Insolvency Amendment Rules 2016 – How Have They Affected Creditors

12th July 2018

The 2016 Insolvency Amendment Rules, brought in on 1 April 2017, were some of the largest changes to the insolvency industry for a number of years. The new rules were intended to make it easier for creditors to participate in insolvency proceedings through the use of technology and the streamline of some of the processes to try and reduce costs.  We have found however that this has resulted in creditors facing or suffering a potential bad debt needing to act more quickly and take a more active interest in proceedings.  As always the sooner we are brought in, the better the chance of us being able to achieve a positive result.  Should you or one of your clients require any assistance concerning a possible bad debt, please do not hesitate to call any of us.

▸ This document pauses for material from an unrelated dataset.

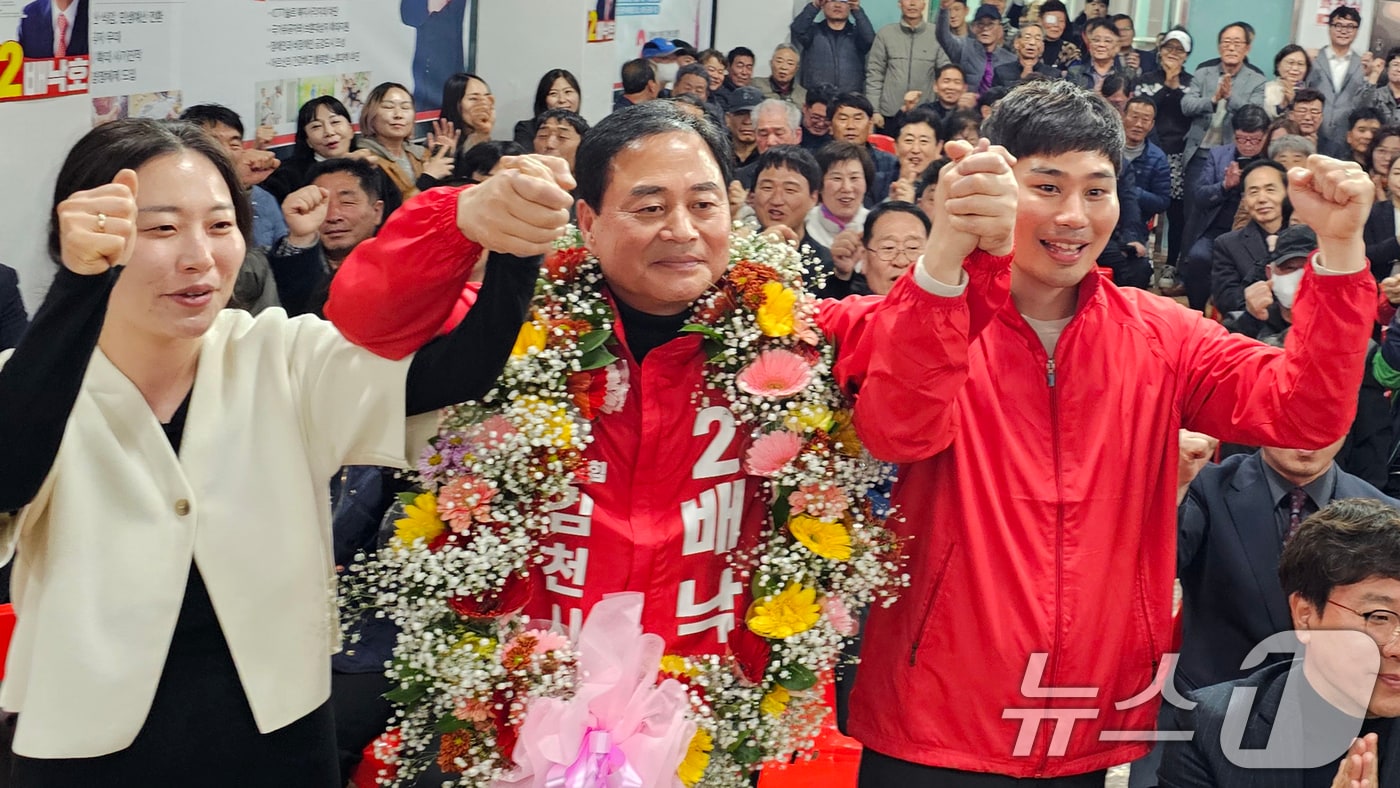 4·2 재·보궐선거에서 경북 김천시장에 당선이 유력한 국민의힘 배낙호 후보가 선거캠프에서 지지자들과 기쁨을 나누고 있다. 2025.4.2/뉴스1 ⓒ News1 최창호 기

Creditor Meetings and Decision Procedures

Physical creditor meetings cannot now be used unless requested by creditors that meet certain criteria and have been replaced by new ‘decision procedures’ which include deemed consent, vote by correspondence and virtual meeting.

We have found that this change has had the biggest effect on the way in which Liquidators are appointed in Creditors Voluntary Liquidations, with most opting for the deemed consent process. We find this approach offers creditors with shorter notice of the intended proceedings and have resulted in creditors needing to act much more quickly than before if they want to influence the outcome of the identity of the Liquidator.

Office Holder Report and Communications

A number of changes were made to the way in which officeholders (Liquidator’s/Administrators etc) communicate with creditors and these included:-

  • Allowing creditors to opt out of communications
  • Improvements use of websites
  • Encouragement of email communications

The use of websites for reporting purposes has had the greatest effect, with officeholders now able to give a one off notice providing website and login details for all future reports to creditors and these reports are then posted without notice to the website. This has resulted in creditors needing to be more proactive when tracking the reporting periods and accessing creditor reports in order to stay up to date with the progression of a case.

Agreement of Claims of Less than £1,000

The new rules now allow an officeholder to agree creditor claims that are less than £1,000 without the need to verify the claims, with a view to limiting costs. An officeholder must send notice of his intention to agree the claim to the creditor and if no response is received, will pay a dividend based on this level of claim.  We would advise creditors to pay close attention to the amount they are scheduled for in the company’s records and ensure that the officeholder is made aware of any discrepancy as soon as possible.